[RAW DATA]

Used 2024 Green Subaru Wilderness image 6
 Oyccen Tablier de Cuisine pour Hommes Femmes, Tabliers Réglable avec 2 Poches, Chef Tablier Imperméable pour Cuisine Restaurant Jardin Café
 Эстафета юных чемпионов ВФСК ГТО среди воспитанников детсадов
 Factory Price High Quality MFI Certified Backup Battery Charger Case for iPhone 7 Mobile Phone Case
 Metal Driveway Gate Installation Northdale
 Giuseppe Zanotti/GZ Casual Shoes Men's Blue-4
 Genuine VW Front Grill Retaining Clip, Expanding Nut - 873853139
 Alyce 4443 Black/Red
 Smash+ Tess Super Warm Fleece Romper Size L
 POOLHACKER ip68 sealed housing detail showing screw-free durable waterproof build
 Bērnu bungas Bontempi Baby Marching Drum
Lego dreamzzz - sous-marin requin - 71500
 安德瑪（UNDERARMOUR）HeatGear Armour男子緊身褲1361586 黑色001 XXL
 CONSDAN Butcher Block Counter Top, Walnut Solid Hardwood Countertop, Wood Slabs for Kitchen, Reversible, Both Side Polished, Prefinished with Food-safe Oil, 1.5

[/RAW DATA]

PROBLEM: Copy out every record above once more, precisely as written.

TASK RESULT:
Used 2024 Green Subaru Wilderness image 6
 Oyccen Tablier de Cuisine pour Hommes Femmes, Tabliers Réglable avec 2 Poches, Chef Tablier Imperméable pour Cuisine Restaurant Jardin Café
 Эстафета юных чемпионов ВФСК ГТО среди воспитанников детсадов
 Factory Price High Quality MFI Certified Backup Battery Charger Case for iPhone 7 Mobile Phone Case
 Metal Driveway Gate Installation Northdale
 Giuseppe Zanotti/GZ Casual Shoes Men's Blue-4
 Genuine VW Front Grill Retaining Clip, Expanding Nut - 873853139
 Alyce 4443 Black/Red
 Smash+ Tess Super Warm Fleece Romper Size L
 POOLHACKER ip68 sealed housing detail showing screw-free durable waterproof build
 Bērnu bungas Bontempi Baby Marching Drum
Lego dreamzzz - sous-marin requin - 71500
 安德瑪（UNDERARMOUR）HeatGear Armour男子緊身褲1361586 黑色001 XXL
 CONSDAN Butcher Block Counter Top, Walnut Solid Hardwood Countertop, Wood Slabs for Kitchen, Reversible, Both Side Polished, Prefinished with Food-safe Oil, 1.5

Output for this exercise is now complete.